Oddly, however, and strangely coincidentally, South Africa and the US, while diplomatically rent asunder, do find themselves in a similar political quandary as it pertains to their respective fisci.
Finance minister Enoch Godongwana’s compromised budget, proposing a 0.5% VAT adjustment this year, and another 0.5% next year, is still being firmly rejected by the DA. The proposed budget will return to the National Assembly for a final vote by April 2.
For the past 30 years, the process of approving the budget has run without interruption, because the ANC held the majority in the National Assembly. However, having lost 71 seats in the 2024 general elections, the ANC now requires the support of MPs from other parties in the government of national unity. If the budget is not passed by April 2, the law allows government to continue spending up to 45% of the previous year’s budget until the new budget is approved. But, after that, we could face a US-style government shutdown.
Since its current budget process was established in 1976, the US has experienced 20 funding gaps, where government agencies were forced to close or scale back their operations. Four of these resulted in major shutdowns. The longest lasted 34 days in late 2018, triggered by a dispute over funding for Trump’s US-Mexico border wall.

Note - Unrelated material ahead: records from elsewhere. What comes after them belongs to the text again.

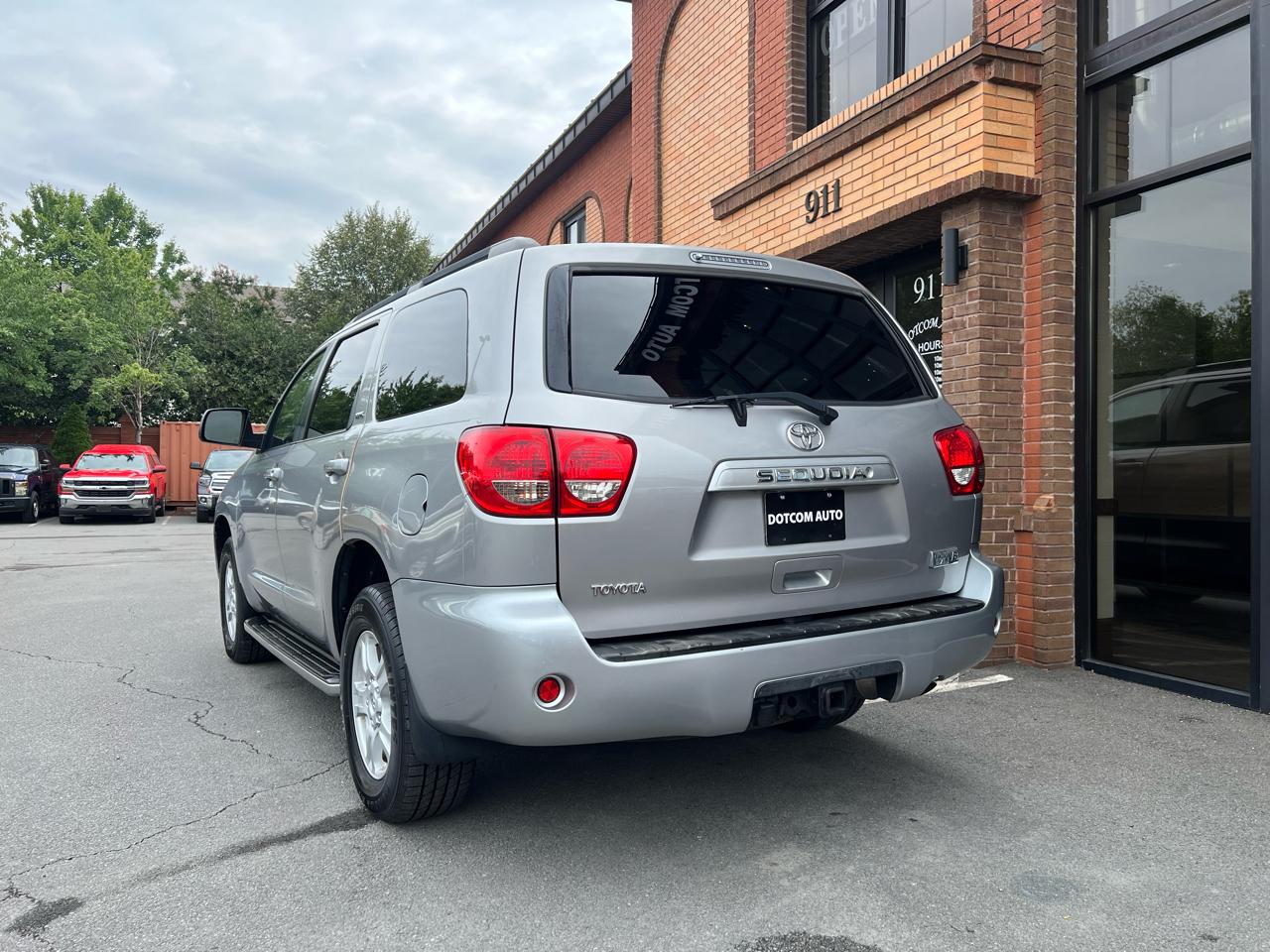 Toyota Sequoia SR5 5.7L 4WD 2008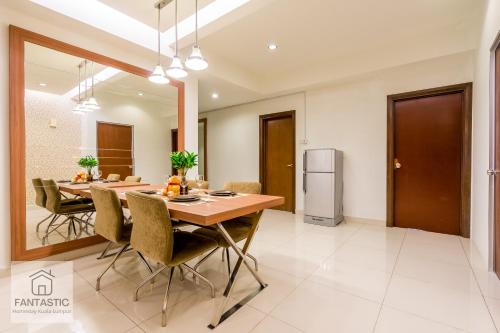 Regalia Residence at KLCC View Sky Pool by KC - main image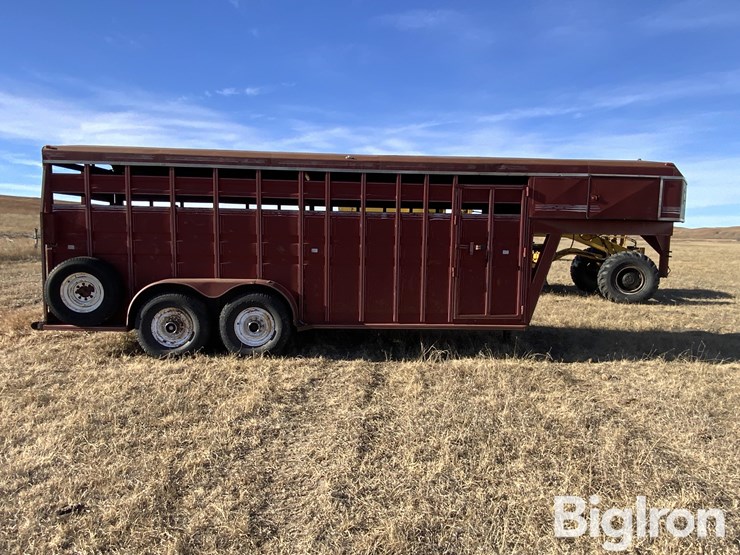 1990-titan-trailer-image-4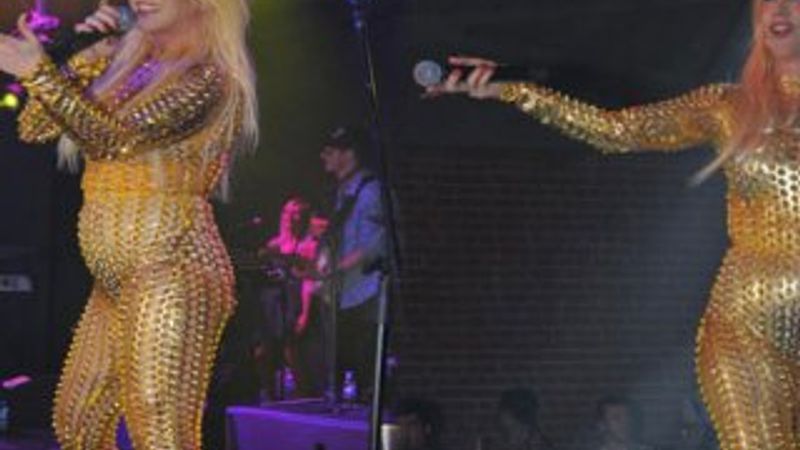 Hande Yener'in ilginç kıyafeti İZLE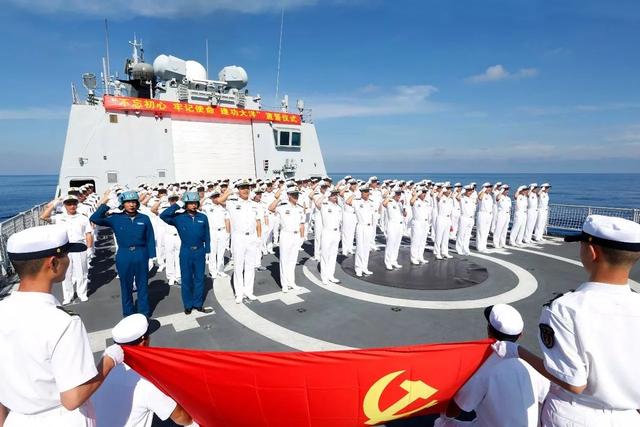 中国航母迈入三舰时代	，远洋常态化改写新格局，美军被迫调整战术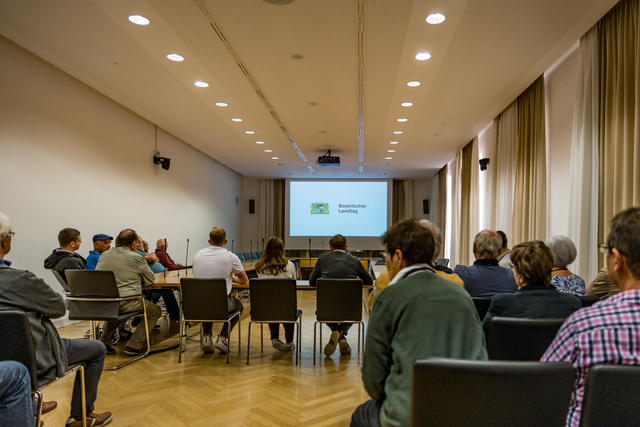 Peter Tomaschko (vorn), der Vertreter der CSU für den Stimmkreis Aichach-Friedberg und das Wittelsbacher Land im Bayerischen Landtag lud ein zum Besuch des Bayerischen Landtags und der Bayerischen Staatskanzlei. | Foto: FSeventfoto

The most severe shutdown, however, occurred in 2013, the result of a budget impasse over funding for Obamacare. During the 16-day shutdown, about 850,000 federal employees were furloughed, while another 1.3-million were required to work without pay. Non-essential services were halted, and it is estimated to have cost the US economy $24bn.
When the federal government runs at a deficit, it borrows money to cover the difference by issuing Treasury securities. Under the US constitution, only Congress can authorise the borrowing of money on the credit of the US.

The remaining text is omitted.